Abstract

Experimental evolution, the research approach discussed in this chapter, permits study of the fundamental processes of adaptation that underlie microbial evolution under controlled laboratory conditions. Long-term evolution experiments with microbes have displayed numerous elements of the complexity of natural systems and have therefore permitted the study of fundamental questions in evolutionary biology, ecology, physiology, and genetics. This chapter focuses on a few long-term, open-ended studies as well as other relevant experiments that best illustrate specific problems. Despite many excellent studies using fungal and viral models, the chapter is focused primarily on bacterial systems with occasional mention of viral systems. Specific topics under consideration include the dynamics of adaptation, the genetic and physiological bases of fitness, causes of specialization and functional losses, evolution of mutation rates, and models of the evolution of virulence. At the end of the chapter, the author addresses prospects for future experiments to study the evolution of pathogens.

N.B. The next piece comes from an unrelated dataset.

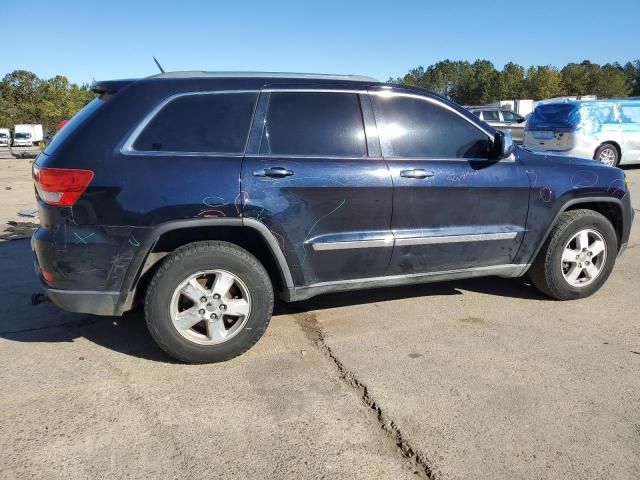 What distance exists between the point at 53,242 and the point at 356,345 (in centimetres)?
204

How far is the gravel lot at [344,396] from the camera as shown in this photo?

The author refers repeatedly to two longterm experiments throughout this chapter. The first involves the long-term experimental evolution of 12 populations of Escherichia coli B, originally founded by Richard Lenski in 1988. The second experiment of this review was derived from this first one. The chapter discusses selected examples in which the mechanisms and consequences of genetic adaptation were discovered. The evidence that important steps in microbial evolution have been driven significantly, and perhaps mostly, by interspecies recombination continues to grow.